From the first line to the last, transcribe the data exactly and skip the pictures.

INFORMATION PROVIDED section start

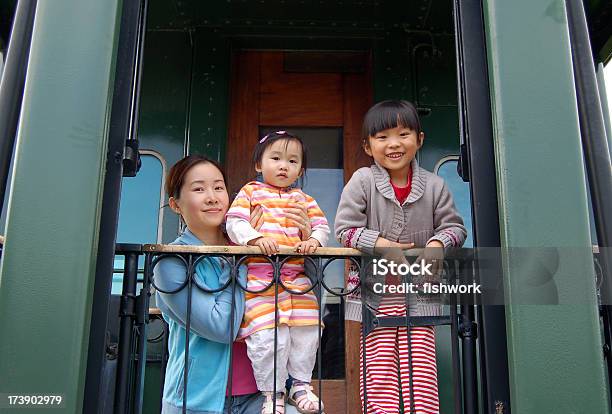 Photo libre de droit de Vacances En Famille banque d'images et plus d'images libres de droit de Canada - Canada, Neuf, Immigrant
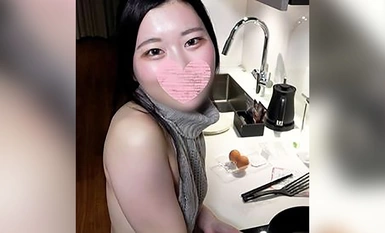 FC2-PPV-4414334 期間限定価格【無】ハタチのミナトちゃんと甘々なハメ撮り。料理を作っておマ〇コ湿らせて待っててくれる純粋な彼女に首〇めFCUKで無慈悲な中出し。特典動画有り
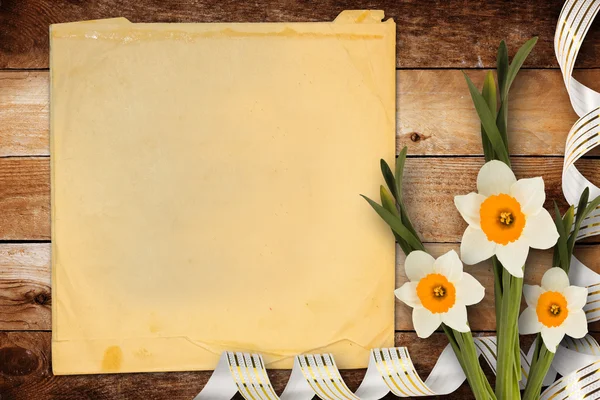 Tarjeta para invitación o felicitación con ramo de flores na —  Fotos de Stock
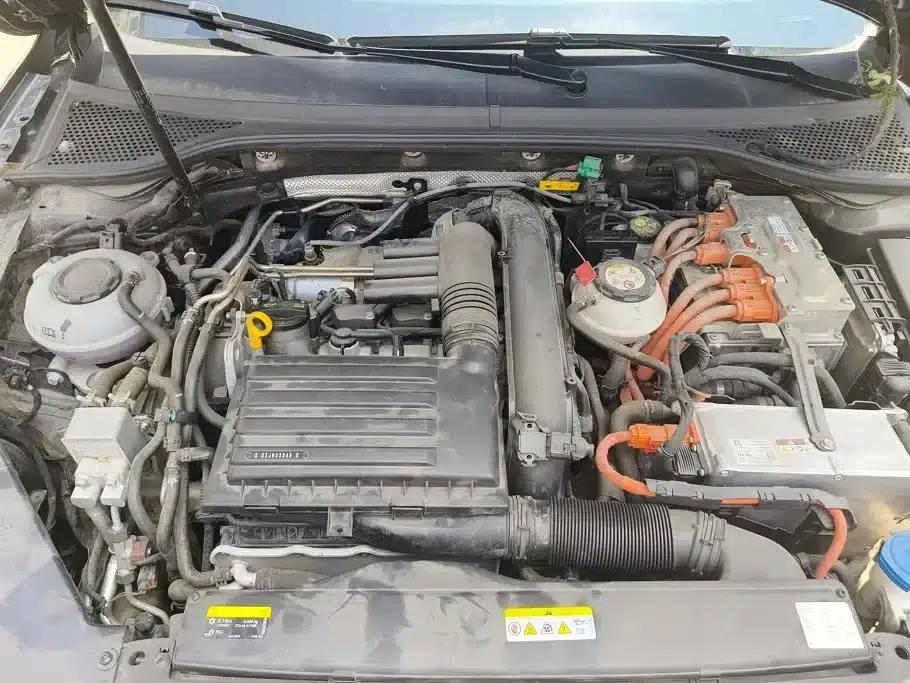 2022 Volkswagen Passat PHEV GTE Luxury Edition — миниатюра 10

INFORMATION PROVIDED section end

SOLVED EXERCISE =>
 Photo libre de droit de Vacances En Famille banque d'images et plus d'images libres de droit de Canada - Canada, Neuf, Immigrant
 FC2-PPV-4414334 期間限定価格【無】ハタチのミナトちゃんと甘々なハメ撮り。料理を作っておマ〇コ湿らせて待っててくれる純粋な彼女に首〇めFCUKで無慈悲な中出し。特典動画有り
 Tarjeta para invitación o felicitación con ramo de flores na —  Fotos de Stock
 2022 Volkswagen Passat PHEV GTE Luxury Edition — миниатюра 10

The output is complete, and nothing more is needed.